* [REQUIREMENT]:
Although the data below contains pictures, please reproduce only its words, exactly.

* [COLLECTED DATA]:
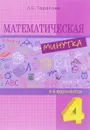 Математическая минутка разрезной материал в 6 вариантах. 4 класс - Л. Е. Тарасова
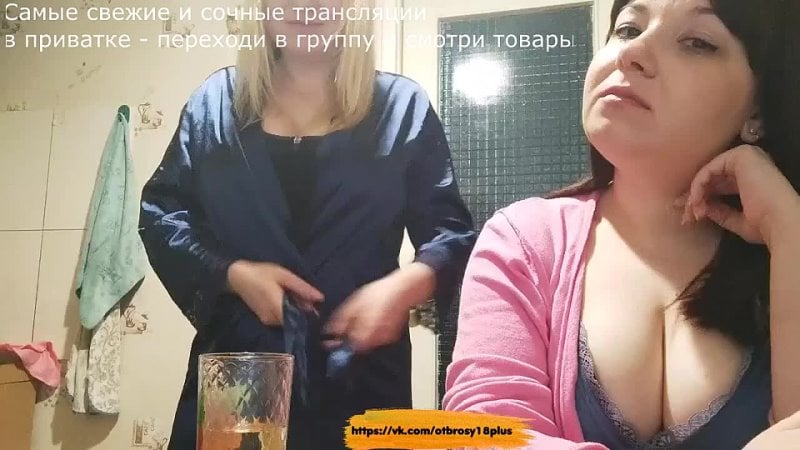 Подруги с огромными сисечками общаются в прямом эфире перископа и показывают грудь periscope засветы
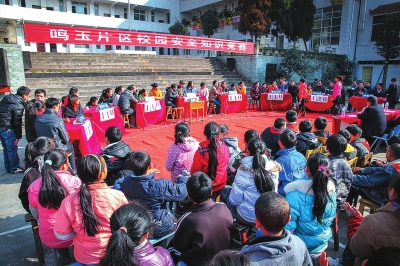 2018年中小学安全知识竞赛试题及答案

* [TASK ANSWER]:
 Математическая минутка разрезной материал в 6 вариантах. 4 класс - Л. Е. Тарасова
 Подруги с огромными сисечками общаются в прямом эфире перископа и показывают грудь periscope засветы
 2018年中小学安全知识竞赛试题及答案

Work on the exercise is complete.